Poetry Gathering features youth poetry contest
To The Leader
ALPINE, TEXAS – A youth poetry contest has been announced by the Lone Star Cowboy Poetry Gathering in conjunction with its inaugural event scheduled for February 21-22, 2020.
Held on the campus of Sul Ross State University in Alpine, Texas, the gathering will feature poets and singers heralding from across Texas and several western states.
As a reminder that keeping the spirit of the West alive is not just a job for the old-timers, the youth contest provides a way for young people to not only express their appreciation for the cowboy way of life but also carry on the tradition.
“I am thrilled that the organizers want to promote this opportunity for the youth,” said Elizabeth Baize, a native of Fort Davis, who is working alongside Kay Nowell and Karen McGuire, both of Alpine, to organize the contest.
“Developing the art of writing, whether poetry or prose, affords an individual with a powerful tool,” she said. “It can teach a lesson, relay a personal value, make a lasting impression, or just bring the gift of laughter into someone’s life.”
Baize participated in the poetry contest herself during her high school years and still has a poem she wrote entitled “Rattler Tale.”
She smiles as she glances over her teenage attempt at capturing the story.
“When I think about my snake encounters, an image flashes into my mind’s eye regarding this one – the first moment I caught sight of the snake crawling away from my horse’s legs,” she said.
“However, I realize that without these words in front of me, many details would have escaped my recollection,” Baize said. “Thanks to the Texas Cowboy Poetry Gathering Poetry Contest and a dedicated mother who challenge me to participate, I can relive an incident that occurred over half my lifetime ago.”

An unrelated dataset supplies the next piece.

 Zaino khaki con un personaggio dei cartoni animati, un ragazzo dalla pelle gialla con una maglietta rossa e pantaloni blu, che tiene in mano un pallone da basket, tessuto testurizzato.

To encourage participation, the youth poetry contest is divided into five age divisions with the top three places in each division receiving a personalized plaque.
Plans also are underway for students to share their poems during a special session on Saturday morning during the gathering.
Baize hopes that the contest will not only give students a reason to write, but also an opportunity to share their creativity, experiences, and dreams with others.
“Whether or not they realize the fact, young people with an interest in agriculture already have great stories to tell,” she said. “We are waiting in anticipation to hear them.”